In this exercise, write out the data word for word and leave every image out.

====== Supplied records ======

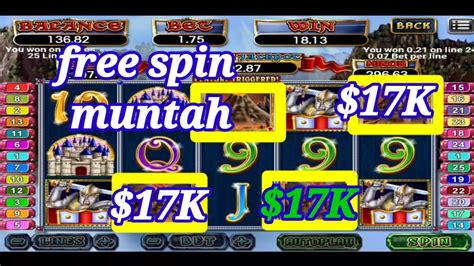 Update MYSTICAL DRAGON Sangkut Gunung Free Spin Muntah Bertubi Tubi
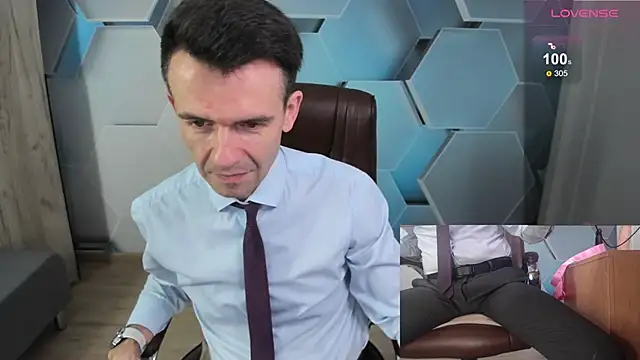 SteveTiger online show from February 2026 12:14:01 PM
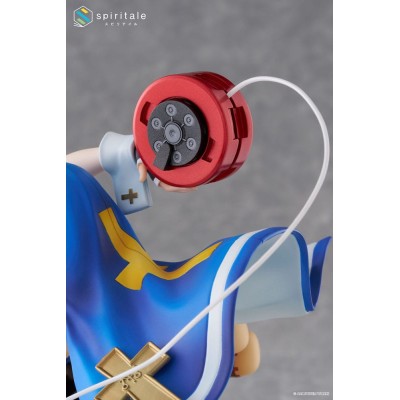 GUILTY GEAR XX ACCENT CORE PLUS R - Bridget 1/7 Taito PVC Figure 24 cm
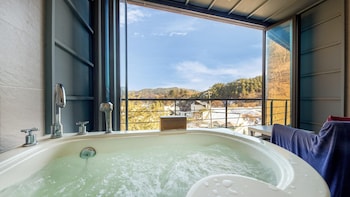 gapyeong rubino pension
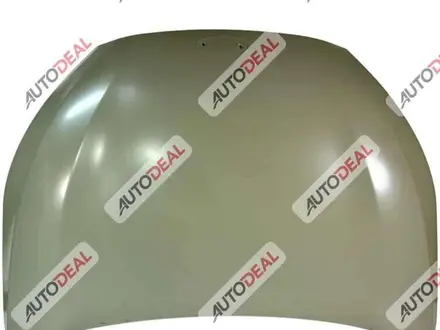 Капот JAC за 2 025 тг. в Шымкент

======

→ **Task output**:
 Update MYSTICAL DRAGON Sangkut Gunung Free Spin Muntah Bertubi Tubi
 SteveTiger online show from February 2026 12:14:01 PM
 GUILTY GEAR XX ACCENT CORE PLUS R - Bridget 1/7 Taito PVC Figure 24 cm
 gapyeong rubino pension
 Капот JAC за 2 025 тг. в Шымкент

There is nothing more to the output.